2. The birth of the child, which is caught up to God.
3. The fleeing of the woman into the wilderness.
4. The war in heaven, and the casting out of the dragon.
5. The beginning of the third woe.
6. The persecution raised by the dragon against the woman.
7. The woman's flying away upon the eagle's wings. In like manner there follow one after the other,
1. The beginning of the twelve hundred and sixty days.
2. The beginning of the little time.
3. The beginning of the time, times, and half a time. This third period partly coincides both with the first and the second. After the beginning of the twelve hundred and sixty days, or rather of the third woe, Christianity was exceedingly propagated, in the midst of various persecutions. About the year 948 it was again settled in Denmark; in 965, in Poland and Silesia; in 980, through all Russia. In 997 it was brought into Hungary; into Sweden and Norway, both before and after. Transylvania received it about 1000; and, soon after, other parts of Dacia. Now, all the countries in which Christianity was settled between the beginning of the twelve hundred and sixty days, and the imprisonment of the dragon, may be understood by the wilderness, and by her place in particular. This place contained many countries; so that Christianity now reached, in an uninterrupted tract, from the eastern to the western empire; and both the emperors now lent their wings to the woman, and provided a safe abode for her. Where she is fed - By God rather than man; having little human help. For a time, and times, and half a time - The length of the several periods here mentioned seems to be nearly this: - YEARS
1. The non-chronos contains less than 1111
2. The little time 888
3. The time, times, and half a time 777
4. The time of the beast 666 And comparing the prophecy and history together, they seem to begin and end nearly thus:
1. The non-chronos extends from about 800 to 1836
2. The 1260 days of the woman from 847-1524
3. The little time 947-1836
4. The time, time, and half 1058-1836
5. The time of the beast is between the beginning and end of the three times and a half. In the year 1058 the empires had a good understanding with each other, and both protected the woman. The bishops of Rome, likewise, particularly Victor II., were duly subordinate to the emperor. We may observe, the twelve hundred and sixty days of the woman, from 847 to 1524, and the three times and a half, refer to the same wilderness. But in the former part of the twelve hundred and sixty days, before the three times and an half began, namely, from the year 847 to 1058, she was fed by others, being little able to help herself; whereas, from 1058 to 1524, she is both fed by others, and has food herself. To this the sciences transplanted into the west from the eastern countries much contributed; the scriptures, in the original tongues, brought into the west of Europe by the Jews and Greeks, much more; and most of all, the Reformation, grounded on those scriptures.

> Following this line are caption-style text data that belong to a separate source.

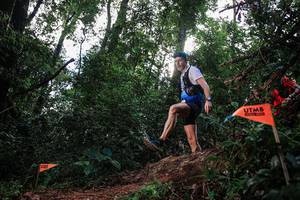 BIB: 
                            <button type="button" onclick="openModal(22631767)" class="btn btn-primary btn-sm float-right btn-popup" data-toggle="modal" data-target=".modal-high-quality">
                        <i class="fas fa-shopping-cart"></i> Add to Cart
                    </button>
                                            <button type="button" onclick="isThisMe(22631767, true)" class="btn btn-success btn-sm float-right btn-popup btn-isme hidden" data-toggle="tooltip" data-placement="bottom" title="นี่คือรูปของคุณใช่ไหม คลิกที่นี่เพื่อเอาเข้าอัลบั้ม">
                        <i class="fas fa-plus"></i> Add to album
                    </button>
                    <button type="button" onclick="isThisMe(22631767, false)" class="btn btn-warning btn-sm float-right btn-popup btn-isnotme hidden">
                        <i class="fas fa-ban"></i> Remove from album
                    </button>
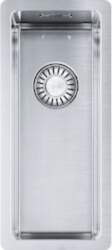 Franke Box Plug BXX 110-16 Nerūsējoša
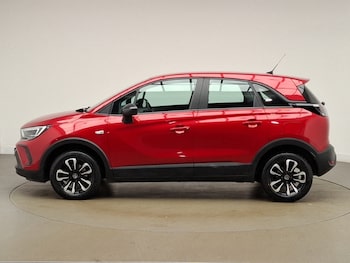 Used Vauxhall Crossland 2023 for sale - 79407062: Photo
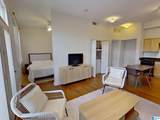 2020 5TH AVENUE - Photo 6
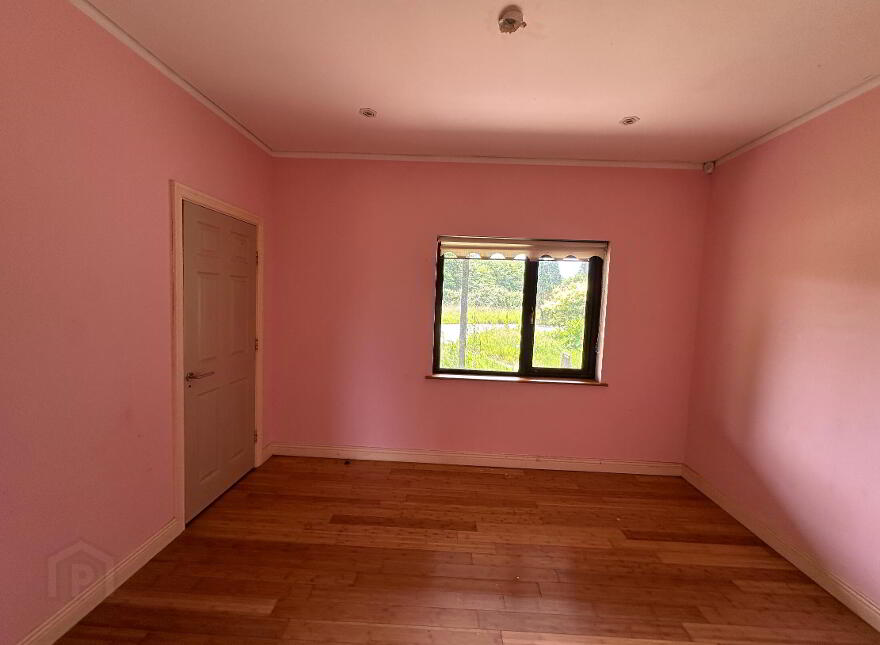 Cluttahina, Cappoquin, P51H4F1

15. Water is an emblem of a great people; this water, of the Turks in particular. About the year 1060 they overran the Christian part of Asia. Afterward, they poured into Europe, and spread farther and farther, till they had overflowed many nations.

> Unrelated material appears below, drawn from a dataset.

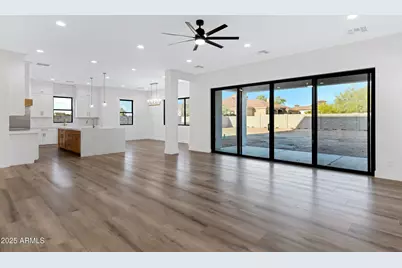 26631 S 169th Place, Queen Creek, AZ 85142 - Photo 20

16. But the earth helped the woman - The powers of the earth; and indeed she needed help through this whole period. "The time" was from 1058 to 1280; during which the Turkish flood ran higher and higher, though frequently repressed by the emperors, or their generals, helping the woman. "The" two "times" were from 1280 to 1725. During these likewise the Turkish power flowed far and wide; but still from time to time the princes of the earth helped the woman, that she was not carried away by it. "The half time" is from 1725 to 1836. In the beginning of this period the Turks began to meddle with the affairs of Persia: wherein they have so entangled themselves, as to be the less able to prevail against the two remaining Christian empires. Yet this flood still reaches the woman "in her place;" and will, till near the end of the "half time," itself be swallowed up, perhaps by means of Russia, which is risen in the room of the eastern empire.
17. And the dragon was wroth - Anew, because he could not cause her to be carried away by the stream. And he went forth - Into other lands. To make war with the rest of her seed - Real Christians, living under heathen or Turkish governors.